From 1d52f7afdd85d00e550f383c8aacf7f851e443d1 Mon Sep 17 00:00:00 2001
From: Alan Boudreault <alan@alanb.ca>
Date: Tue, 26 Apr 2016 10:43:07 -0400
Subject: [PATCH 4/7] Add an cli option to specify the column type for the
 schema

---
 benchmarks/base.py | 16 ++++++++++++++--
 1 file changed, 14 insertions(+), 2 deletions(-)

diff --git a/benchmarks/base.py b/benchmarks/base.py
index b3b0fb04..6178d80f 100644
--- a/benchmarks/base.py
+++ b/benchmarks/base.py
@@ -19,6 +19,7 @@ import sys
 from threading import Thread
 import time
 from optparse import OptionParser
+import uuid
 
 from greplin import scales
 
@@ -59,6 +60,14 @@ except ImportError as exc:
 KEYSPACE = "testkeyspace" + str(int(time.time()))
 TABLE = "testtable"
 
+COLUMN_VALUES = {
+    'int': 42,
+    'text': "'42'",
+    'float': 42.0,
+    'uuid': uuid.uuid4(),
+    'timestamp': "'2016-02-03 04:05+0000'"
+}
+
 
 def setup(options):
     log.info("Using 'cassandra' package from %s", cassandra.__path__)
@@ -82,7 +91,7 @@ def setup(options):
                 thekey text,
         """
         for i in range(options.num_columns):
-            create_table_query += "col{} text,\n".format(i)
+            create_table_query += "col{} {},\n".format(i, options.column_type)
         create_table_query += "PRIMARY KEY (thekey))"
 
         session.execute(create_table_query.format(TABLE))
@@ -122,7 +131,7 @@ def benchmark(thread_class):
         insert_query += ") VALUES ('{}'".format('key')
 
         for i in range(options.num_columns):
-            insert_query += ", '{}'".format(i)
+            insert_query += ", {}".format(COLUMN_VALUES[options.column_type])
         insert_query += ")"
 
         values = None
@@ -206,6 +215,9 @@ def parse_options():
                       help='Specify the keyspace name for the schema')
     parser.add_option('--keep-data', action='store_true', dest='keep_data', default=False,
                       help='Keep the data after the benchmark')
+    parser.add_option('--column-type', type='str', dest='column_type', default='text',
+                      help='Specify the column type for the schema (supported: int, text, float, uuid, timestamp)')
+
 
     options, args = parser.parse_args()
 

From 857bcbfcff55b18f2fed6bbff1e0b9d050261205 Mon Sep 17 00:00:00 2001
From: Alan Boudreault <alan@alanb.ca>
Date: Tue, 26 Apr 2016 10:49:09 -0400
Subject: [PATCH 5/7] Reuse keyspace and table if they exists

---
 benchmarks/base.py | 20 ++++++++++++++------
 1 file changed, 14 insertions(+), 6 deletions(-)
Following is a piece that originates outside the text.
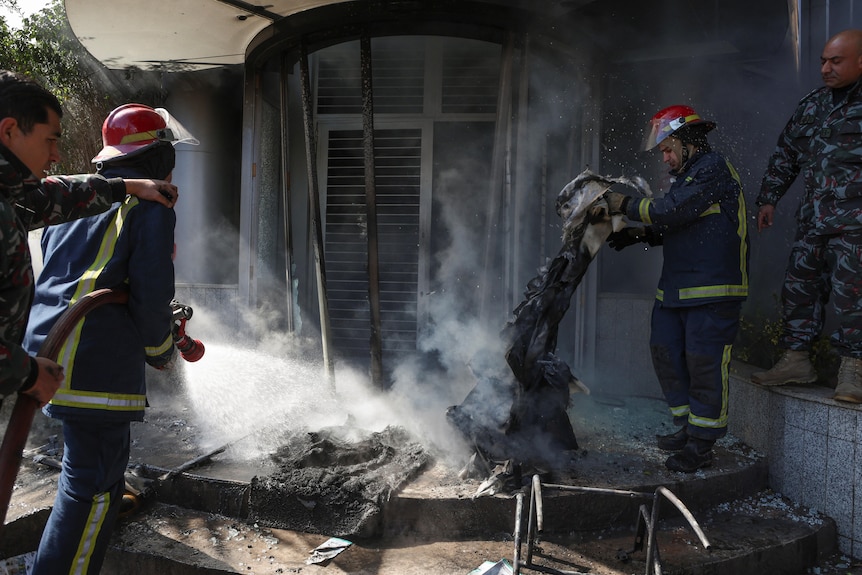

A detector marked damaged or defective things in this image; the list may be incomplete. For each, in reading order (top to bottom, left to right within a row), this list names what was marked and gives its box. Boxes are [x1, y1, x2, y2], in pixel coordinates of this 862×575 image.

charred fabric [448, 169, 652, 492]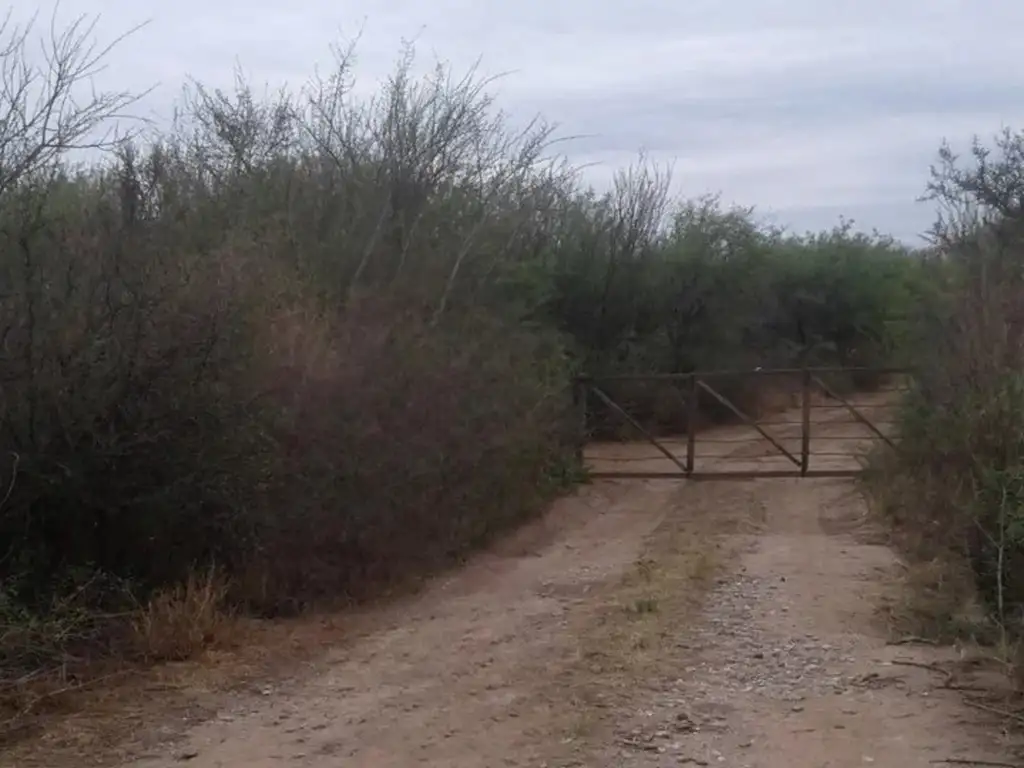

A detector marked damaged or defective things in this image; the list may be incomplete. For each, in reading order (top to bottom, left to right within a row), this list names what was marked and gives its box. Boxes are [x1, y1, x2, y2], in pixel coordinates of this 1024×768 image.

rusty metal gate [573, 368, 909, 481]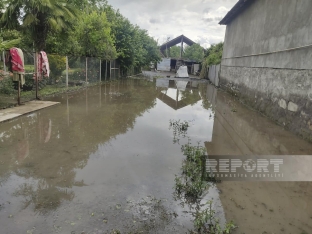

diff --git a/benchmarks/base.py b/benchmarks/base.py
index 6178d80f..4e173f89 100644
--- a/benchmarks/base.py
+++ b/benchmarks/base.py
@@ -77,12 +77,16 @@ def setup(options):
         session = cluster.connect()
 
         log.debug("Creating keyspace...")
-        session.execute("""
-            CREATE KEYSPACE %s
-            WITH replication = { 'class': 'SimpleStrategy', 'replication_factor': '2' }
-            """ % options.keyspace)
+        try:
+            session.execute("""
+                CREATE KEYSPACE %s
+                WITH replication = { 'class': 'SimpleStrategy', 'replication_factor': '2' }
+                """ % options.keyspace)
+
+            log.debug("Setting keyspace...")
+        except cassandra.AlreadyExists:
+            log.debug("Keyspace already exists")
 
-        log.debug("Setting keyspace...")
         session.set_keyspace(options.keyspace)
 
         log.debug("Creating table...")
@@ -94,7 +98,11 @@ def setup(options):
             create_table_query += "col{} {},\n".format(i, options.column_type)
         create_table_query += "PRIMARY KEY (thekey))"
 
-        session.execute(create_table_query.format(TABLE))
+        try:
+            session.execute(create_table_query.format(TABLE))
+        except cassandra.AlreadyExists:
+            log.debug("Table already exists.")
+
     finally:
         cluster.shutdown()
 

From 3673fe0da82f66ad41631575930d6c8eb817428a Mon Sep 17 00:00:00 2001
From: Alan Boudreault <alan@alanb.ca>
Date: Tue, 26 Apr 2016 11:34:13 -0400
Subject: [PATCH 6/7] all requests now use a different partition key

---
 benchmarks/base.py                   | 2 +-
 benchmarks/callback_full_pipeline.py | 6 ++++--
 benchmarks/future_batches.py         | 3 ++-
 benchmarks/future_full_pipeline.py   | 3 ++-
 benchmarks/future_full_throttle.py   | 5 +++--
 5 files changed, 12 insertions(+), 7 deletions(-)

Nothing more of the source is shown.